§ **What is expected**: Under this line are records; the part from the line containing "ヴェゼル e:HEVZ Hセンシング・禁煙・ワンオーナー・ブラインドスポットインフォメーション・前後ドラレコ" through the line containing "Snapshot of valleriwind" should be repeated exactly. Please exclude pictures.

§ **Records for the task**:
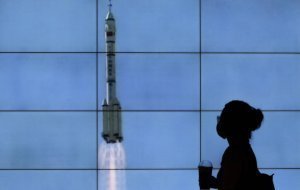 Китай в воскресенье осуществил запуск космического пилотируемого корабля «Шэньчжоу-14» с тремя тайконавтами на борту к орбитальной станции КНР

--

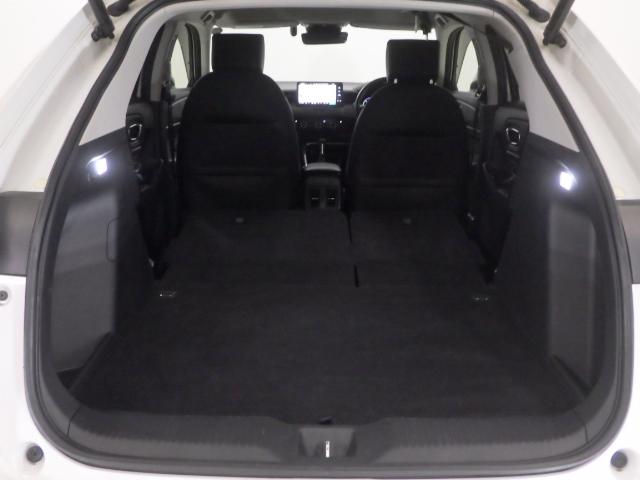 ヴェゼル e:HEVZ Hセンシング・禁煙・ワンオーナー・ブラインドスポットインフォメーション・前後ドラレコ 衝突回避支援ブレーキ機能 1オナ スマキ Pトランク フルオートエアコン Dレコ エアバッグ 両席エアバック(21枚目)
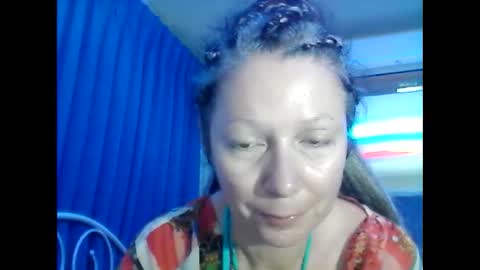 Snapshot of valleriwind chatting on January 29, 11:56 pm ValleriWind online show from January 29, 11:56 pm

§ **The completed task**:
 ヴェゼル e:HEVZ Hセンシング・禁煙・ワンオーナー・ブラインドスポットインフォメーション・前後ドラレコ 衝突回避支援ブレーキ機能 1オナ スマキ Pトランク フルオートエアコン Dレコ エアバッグ 両席エアバック(21枚目)
 Snapshot of valleriwind chatting on January 29, 11:56 pm ValleriWind online show from January 29, 11:56 pm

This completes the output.